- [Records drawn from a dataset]
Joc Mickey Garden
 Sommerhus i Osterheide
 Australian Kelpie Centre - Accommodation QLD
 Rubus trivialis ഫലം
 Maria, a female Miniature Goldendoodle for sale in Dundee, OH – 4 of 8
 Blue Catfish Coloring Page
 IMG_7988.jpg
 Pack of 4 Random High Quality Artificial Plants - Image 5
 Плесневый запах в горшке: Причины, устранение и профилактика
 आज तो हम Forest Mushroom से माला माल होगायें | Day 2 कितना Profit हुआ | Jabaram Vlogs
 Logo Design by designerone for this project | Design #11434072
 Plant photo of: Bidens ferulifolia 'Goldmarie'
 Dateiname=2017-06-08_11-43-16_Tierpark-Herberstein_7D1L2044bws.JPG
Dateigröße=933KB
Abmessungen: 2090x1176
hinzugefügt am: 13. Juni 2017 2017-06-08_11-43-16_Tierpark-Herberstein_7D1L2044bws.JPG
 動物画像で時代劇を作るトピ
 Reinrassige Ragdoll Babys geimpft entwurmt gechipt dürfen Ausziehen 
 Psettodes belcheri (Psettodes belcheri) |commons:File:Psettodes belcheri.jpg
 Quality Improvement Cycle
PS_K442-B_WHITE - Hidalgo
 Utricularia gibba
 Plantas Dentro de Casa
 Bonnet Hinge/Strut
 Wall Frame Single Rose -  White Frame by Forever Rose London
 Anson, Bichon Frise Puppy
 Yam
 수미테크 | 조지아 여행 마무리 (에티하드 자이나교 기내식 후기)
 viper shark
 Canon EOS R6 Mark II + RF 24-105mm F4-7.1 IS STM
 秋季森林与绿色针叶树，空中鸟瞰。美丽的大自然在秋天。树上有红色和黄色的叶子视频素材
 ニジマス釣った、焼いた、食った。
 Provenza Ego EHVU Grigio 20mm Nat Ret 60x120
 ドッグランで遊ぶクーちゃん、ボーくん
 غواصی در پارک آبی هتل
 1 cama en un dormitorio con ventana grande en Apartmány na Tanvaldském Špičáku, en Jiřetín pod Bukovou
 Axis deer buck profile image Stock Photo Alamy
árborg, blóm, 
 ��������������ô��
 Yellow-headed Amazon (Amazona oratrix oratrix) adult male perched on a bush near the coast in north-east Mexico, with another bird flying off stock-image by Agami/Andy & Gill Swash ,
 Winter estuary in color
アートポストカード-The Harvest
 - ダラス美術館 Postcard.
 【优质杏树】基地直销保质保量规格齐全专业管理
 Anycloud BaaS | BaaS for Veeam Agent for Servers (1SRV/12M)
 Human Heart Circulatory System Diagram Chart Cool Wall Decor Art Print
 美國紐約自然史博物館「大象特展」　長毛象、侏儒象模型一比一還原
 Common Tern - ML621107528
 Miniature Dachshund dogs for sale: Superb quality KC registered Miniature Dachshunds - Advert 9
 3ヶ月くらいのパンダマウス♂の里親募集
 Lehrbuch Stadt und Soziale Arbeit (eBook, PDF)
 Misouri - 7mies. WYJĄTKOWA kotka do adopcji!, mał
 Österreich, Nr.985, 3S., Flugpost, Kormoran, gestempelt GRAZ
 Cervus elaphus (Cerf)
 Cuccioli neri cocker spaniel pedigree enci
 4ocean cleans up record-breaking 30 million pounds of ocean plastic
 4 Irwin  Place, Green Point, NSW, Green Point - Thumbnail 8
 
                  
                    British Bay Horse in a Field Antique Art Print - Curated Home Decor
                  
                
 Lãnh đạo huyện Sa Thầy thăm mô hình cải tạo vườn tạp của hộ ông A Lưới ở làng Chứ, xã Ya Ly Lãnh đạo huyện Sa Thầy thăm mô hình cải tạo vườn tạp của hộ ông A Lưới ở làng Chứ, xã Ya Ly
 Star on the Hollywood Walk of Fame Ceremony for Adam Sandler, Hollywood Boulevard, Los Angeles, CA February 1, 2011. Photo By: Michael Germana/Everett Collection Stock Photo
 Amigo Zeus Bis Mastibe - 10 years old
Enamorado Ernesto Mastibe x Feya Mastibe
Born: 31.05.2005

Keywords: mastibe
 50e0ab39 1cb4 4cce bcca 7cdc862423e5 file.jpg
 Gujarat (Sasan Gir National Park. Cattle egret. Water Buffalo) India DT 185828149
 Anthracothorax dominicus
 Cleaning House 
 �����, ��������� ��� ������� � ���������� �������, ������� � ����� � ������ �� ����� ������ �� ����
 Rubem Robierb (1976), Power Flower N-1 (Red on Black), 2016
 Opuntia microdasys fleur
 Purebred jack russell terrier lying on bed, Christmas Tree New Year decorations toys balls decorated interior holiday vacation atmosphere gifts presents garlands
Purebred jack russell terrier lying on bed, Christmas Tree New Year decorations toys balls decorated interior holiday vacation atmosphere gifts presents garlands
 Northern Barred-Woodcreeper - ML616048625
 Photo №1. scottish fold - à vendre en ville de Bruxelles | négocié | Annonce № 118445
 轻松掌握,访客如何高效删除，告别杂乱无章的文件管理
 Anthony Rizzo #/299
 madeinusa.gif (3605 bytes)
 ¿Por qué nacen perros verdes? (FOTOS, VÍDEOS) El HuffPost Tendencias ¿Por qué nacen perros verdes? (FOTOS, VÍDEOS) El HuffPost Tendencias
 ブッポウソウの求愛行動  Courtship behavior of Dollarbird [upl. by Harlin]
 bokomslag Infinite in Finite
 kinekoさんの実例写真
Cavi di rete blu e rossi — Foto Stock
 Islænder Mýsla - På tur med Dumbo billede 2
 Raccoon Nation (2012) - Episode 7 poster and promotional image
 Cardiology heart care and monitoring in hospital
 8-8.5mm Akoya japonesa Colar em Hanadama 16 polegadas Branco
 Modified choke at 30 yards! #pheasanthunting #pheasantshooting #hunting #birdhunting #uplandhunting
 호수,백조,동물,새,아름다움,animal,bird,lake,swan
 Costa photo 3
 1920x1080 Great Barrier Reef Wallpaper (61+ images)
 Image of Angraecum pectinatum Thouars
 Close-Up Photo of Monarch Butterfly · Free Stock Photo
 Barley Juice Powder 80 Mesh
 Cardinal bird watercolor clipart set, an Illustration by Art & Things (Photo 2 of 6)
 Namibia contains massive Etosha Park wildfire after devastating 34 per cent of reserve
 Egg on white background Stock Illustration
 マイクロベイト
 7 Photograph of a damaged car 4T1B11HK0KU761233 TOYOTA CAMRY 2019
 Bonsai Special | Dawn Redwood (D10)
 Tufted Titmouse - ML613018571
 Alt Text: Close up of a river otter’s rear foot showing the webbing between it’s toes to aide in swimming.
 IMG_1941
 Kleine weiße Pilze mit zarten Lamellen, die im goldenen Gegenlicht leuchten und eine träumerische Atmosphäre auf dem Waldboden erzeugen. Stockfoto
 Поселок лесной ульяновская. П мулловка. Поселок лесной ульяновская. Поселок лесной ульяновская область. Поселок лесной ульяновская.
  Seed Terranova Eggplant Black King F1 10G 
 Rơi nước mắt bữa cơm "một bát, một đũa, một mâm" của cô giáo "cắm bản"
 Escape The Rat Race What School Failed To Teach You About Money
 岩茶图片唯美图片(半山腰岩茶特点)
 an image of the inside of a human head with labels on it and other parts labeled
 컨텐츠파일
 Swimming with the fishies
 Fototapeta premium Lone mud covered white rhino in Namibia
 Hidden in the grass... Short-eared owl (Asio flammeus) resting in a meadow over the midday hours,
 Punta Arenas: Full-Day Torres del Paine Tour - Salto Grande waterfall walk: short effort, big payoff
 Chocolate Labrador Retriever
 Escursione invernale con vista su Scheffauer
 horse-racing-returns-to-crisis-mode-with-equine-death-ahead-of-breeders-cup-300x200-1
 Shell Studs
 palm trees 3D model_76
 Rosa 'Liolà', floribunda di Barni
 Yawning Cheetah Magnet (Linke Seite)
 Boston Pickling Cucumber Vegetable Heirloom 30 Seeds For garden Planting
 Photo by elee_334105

- [INSTRUCTIONS FOR THE TASK]
Among the lines above, find those with the word "presents" and list them.

- [PROBLEM SOLUTION]
 Purebred jack russell terrier lying on bed, Christmas Tree New Year decorations toys balls decorated interior holiday vacation atmosphere gifts presents garlands
Purebred jack russell terrier lying on bed, Christmas Tree New Year decorations toys balls decorated interior holiday vacation atmosphere gifts presents garlands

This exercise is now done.